*Aim of the task*:
Copy exactly the lines of the data below, beginning with the line with "There are three" and ending with the line with "Today we are". Pictures are to be omitted.

*Data listing*:
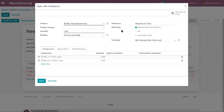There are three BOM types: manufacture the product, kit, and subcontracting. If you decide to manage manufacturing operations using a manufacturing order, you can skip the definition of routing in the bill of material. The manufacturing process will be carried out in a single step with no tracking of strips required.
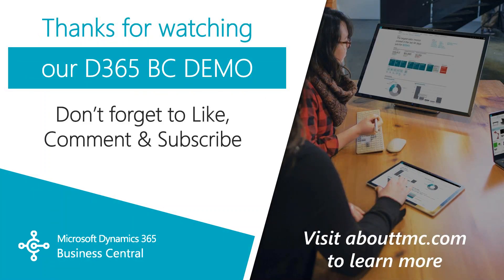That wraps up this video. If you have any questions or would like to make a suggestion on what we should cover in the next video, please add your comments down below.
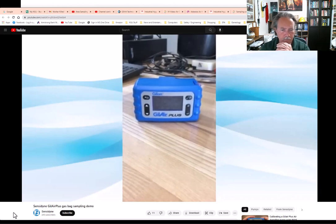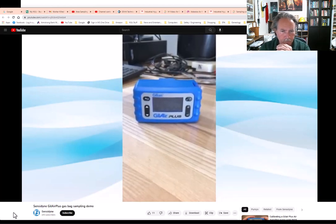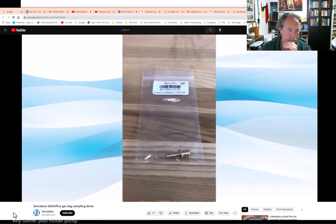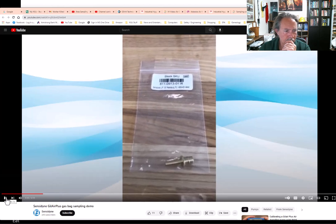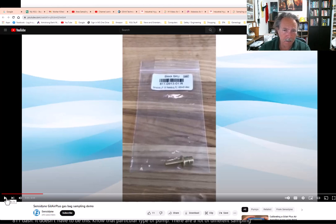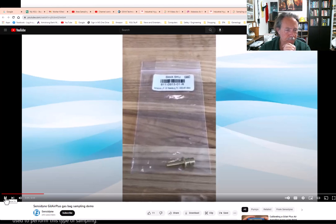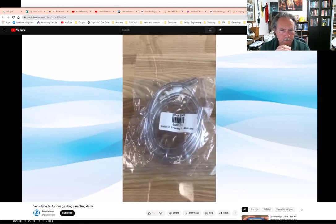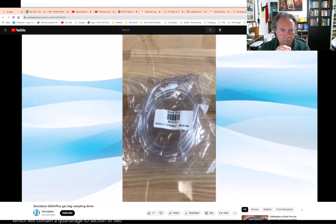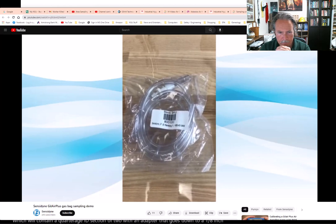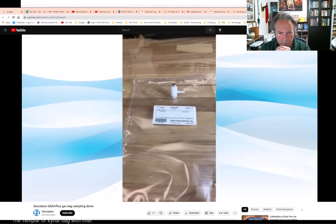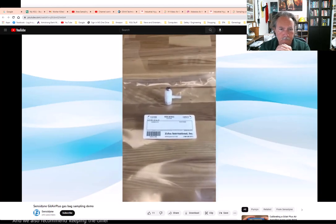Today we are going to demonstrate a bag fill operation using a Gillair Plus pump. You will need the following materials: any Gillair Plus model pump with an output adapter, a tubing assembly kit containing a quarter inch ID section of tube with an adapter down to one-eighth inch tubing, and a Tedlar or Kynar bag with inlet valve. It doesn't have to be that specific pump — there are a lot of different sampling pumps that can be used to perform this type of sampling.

---

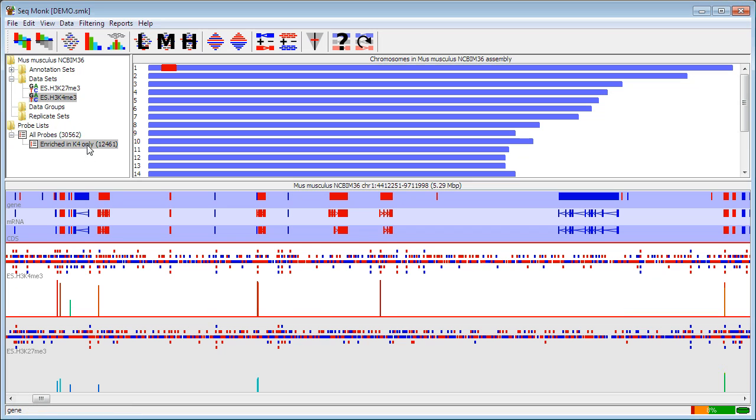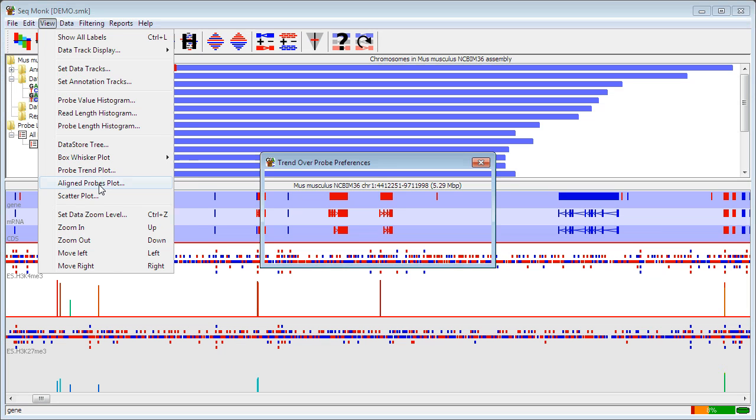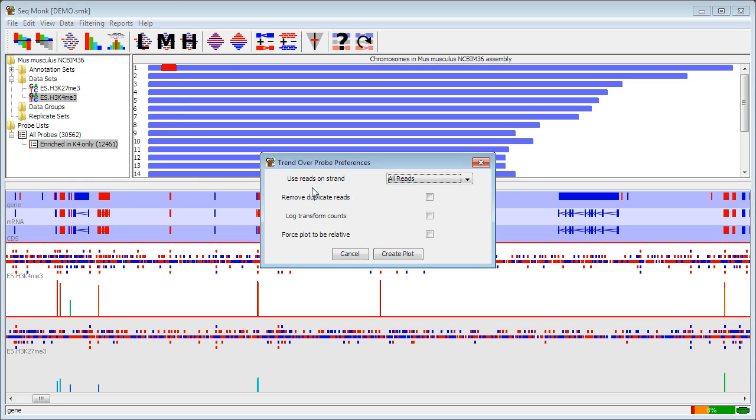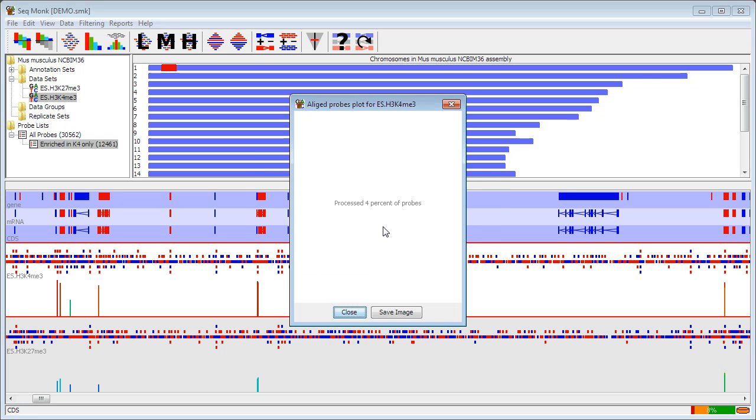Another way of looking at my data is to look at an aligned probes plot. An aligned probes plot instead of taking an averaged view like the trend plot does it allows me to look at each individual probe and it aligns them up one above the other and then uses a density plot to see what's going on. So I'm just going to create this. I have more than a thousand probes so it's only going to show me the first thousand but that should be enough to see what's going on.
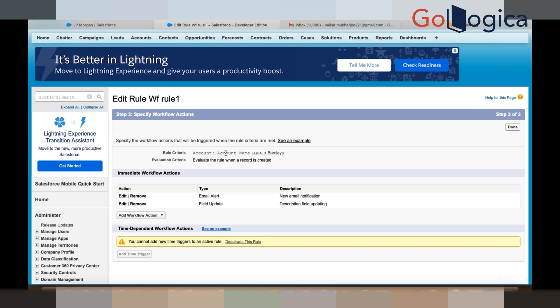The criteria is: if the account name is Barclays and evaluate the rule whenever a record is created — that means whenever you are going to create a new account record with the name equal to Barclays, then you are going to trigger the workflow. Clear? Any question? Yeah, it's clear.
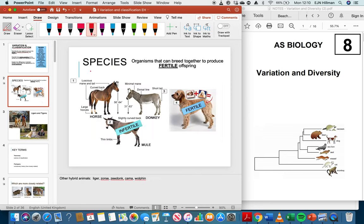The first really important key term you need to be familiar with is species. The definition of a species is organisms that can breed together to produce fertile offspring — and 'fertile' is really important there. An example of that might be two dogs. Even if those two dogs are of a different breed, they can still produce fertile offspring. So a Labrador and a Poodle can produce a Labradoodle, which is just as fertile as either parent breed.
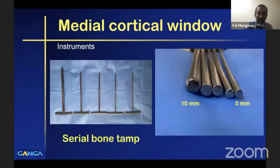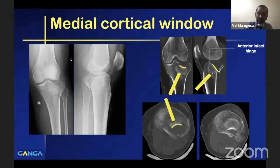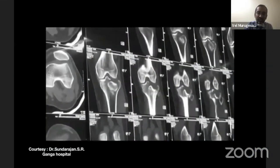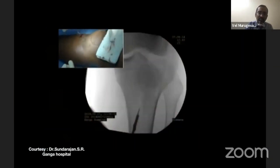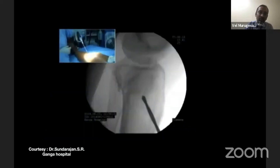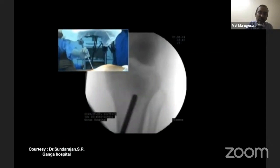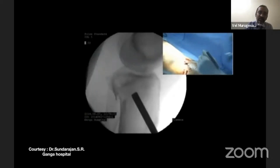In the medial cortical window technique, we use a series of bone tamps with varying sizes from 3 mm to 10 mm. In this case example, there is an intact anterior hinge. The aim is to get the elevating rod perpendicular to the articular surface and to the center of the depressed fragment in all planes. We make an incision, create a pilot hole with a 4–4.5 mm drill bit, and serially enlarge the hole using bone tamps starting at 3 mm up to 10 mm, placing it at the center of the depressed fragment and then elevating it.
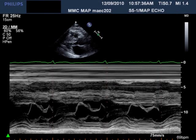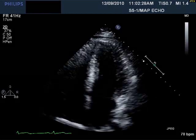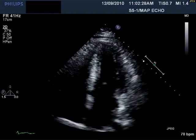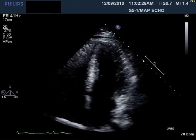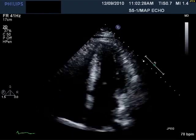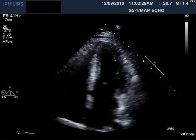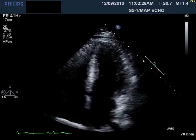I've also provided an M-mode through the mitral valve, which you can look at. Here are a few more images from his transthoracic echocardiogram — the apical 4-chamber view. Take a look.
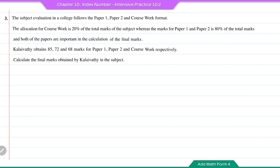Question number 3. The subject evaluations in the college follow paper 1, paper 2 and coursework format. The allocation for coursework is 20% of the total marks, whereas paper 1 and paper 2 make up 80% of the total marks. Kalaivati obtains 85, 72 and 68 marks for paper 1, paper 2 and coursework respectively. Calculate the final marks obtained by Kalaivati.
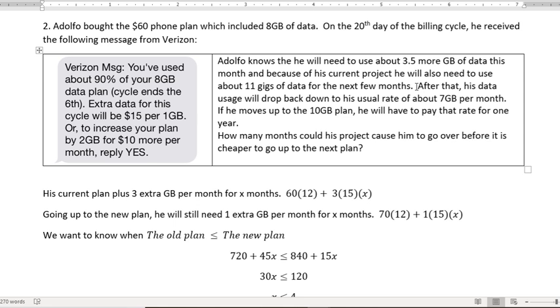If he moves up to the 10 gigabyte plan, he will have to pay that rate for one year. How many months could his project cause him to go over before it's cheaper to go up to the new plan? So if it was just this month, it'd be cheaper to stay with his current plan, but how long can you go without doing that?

---

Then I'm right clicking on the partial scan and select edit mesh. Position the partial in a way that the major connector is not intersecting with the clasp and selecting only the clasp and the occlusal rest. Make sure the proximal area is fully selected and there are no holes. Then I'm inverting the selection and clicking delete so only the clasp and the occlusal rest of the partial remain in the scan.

*Response area*:
There are three BOM types: manufacture the product, kit, and subcontracting. If you decide to manage manufacturing operations using a manufacturing order, you can skip the definition of routing in the bill of material. The manufacturing process will be carried out in a single step with no tracking of strips required.
That wraps up this video. If you have any questions or would like to make a suggestion on what we should cover in the next video, please add your comments down below.
Today we are going to demonstrate a bag fill operation using a Gillair Plus pump. You will need the following materials: any Gillair Plus model pump with an output adapter, a tubing assembly kit containing a quarter inch ID section of tube with an adapter down to one-eighth inch tubing, and a Tedlar or Kynar bag with inlet valve. It doesn't have to be that specific pump — there are a lot of different sampling pumps that can be used to perform this type of sampling.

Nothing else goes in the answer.